Solving Stripe Webhook Drift with a Unified Enforcement Engine

As a software engineer building a subscription-based SaaS platform, I encountered a classic distributed systems problem: how do you maintain consistency when external events can arrive delayed, duplicated, or out of order?

In our case, the external system was Stripe’s webhook infrastructure. The internal system was a Firestore-backed workspace with plan and status fields that needed to stay synchronized.

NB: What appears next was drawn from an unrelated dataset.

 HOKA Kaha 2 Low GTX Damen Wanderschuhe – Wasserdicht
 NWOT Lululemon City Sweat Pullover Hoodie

When these got out of sync, users could see incorrect billing information or lose access to features they’d paid for.

This is how I designed and implemented a unified plan enforcement engine that solved the drift problem, eliminated duplicate code, and added automatic correction—all while maintaining a complete audit trail for compliance.

The Business Problem

I’m building Hustle, a youth sports statistics platform where parents can track their kids’ game performance. The subscription model is straightforward:

Free plan: 1 player, basic stats
Starter plan ($5/mo): 3 players, advanced stats
Plus plan ($10/mo): 10 players, team analytics
Pro plan ($25/mo): Unlimited, coach features

Revenue depends on accurately tracking which plan each workspace is on and enforcing limits accordingly. But here’s what I discovered: Stripe webhooks are eventually consistent.

Real-World Failure Modes

Scenario 1: Duplicate Delivery Stripe retries failed webhooks. If your handler times out but actually succeeded, you process the same event twice.

Scenario 2: Out-of-Order Arrival User upgrades from Starter to Plus at 2:00 PM. Two webhooks fire:

subscription.updated (sent at 14:00:01)
payment.succeeded (sent at 14:00:05)

Network latency causes #2 to arrive first. Your database shows the wrong plan for 5 seconds—or 5 minutes if #1 is delayed further.

Scenario 3: Missed Webhooks Webhook delivery fails completely. You won’t know until you run a consistency audit and discover drift between Stripe’s state and your database.

The Technical Challenge

Before implementing the solution, our billing code had plan/status update logic scattered across four separate locations:

Stripe webhook handler (5 event types)
Event replay endpoint (manual drift correction)
Billing auditor (drift detection)
Future admin dashboard (manual overrides)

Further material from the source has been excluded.